● **Information supplied**
***

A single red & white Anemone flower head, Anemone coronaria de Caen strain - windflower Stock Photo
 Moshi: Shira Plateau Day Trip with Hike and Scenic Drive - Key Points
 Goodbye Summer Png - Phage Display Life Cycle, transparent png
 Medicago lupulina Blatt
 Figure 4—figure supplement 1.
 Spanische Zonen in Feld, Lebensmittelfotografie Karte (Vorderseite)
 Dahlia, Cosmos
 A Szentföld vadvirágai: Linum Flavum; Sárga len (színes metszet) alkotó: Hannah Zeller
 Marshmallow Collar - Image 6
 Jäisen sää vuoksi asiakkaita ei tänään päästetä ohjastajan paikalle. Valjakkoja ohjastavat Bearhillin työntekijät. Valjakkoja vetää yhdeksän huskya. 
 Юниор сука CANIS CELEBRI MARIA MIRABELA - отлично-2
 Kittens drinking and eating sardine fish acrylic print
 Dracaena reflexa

***

Could you print the lines above, exactly as written, from the line containing "A Szentföld vadvirágai: Linum" through the final one?

 A Szentföld vadvirágai: Linum Flavum; Sárga len (színes metszet) alkotó: Hannah Zeller
 Marshmallow Collar - Image 6
 Jäisen sää vuoksi asiakkaita ei tänään päästetä ohjastajan paikalle. Valjakkoja ohjastavat Bearhillin työntekijät. Valjakkoja vetää yhdeksän huskya. 
 Юниор сука CANIS CELEBRI MARIA MIRABELA - отлично-2
 Kittens drinking and eating sardine fish acrylic print
 Dracaena reflexa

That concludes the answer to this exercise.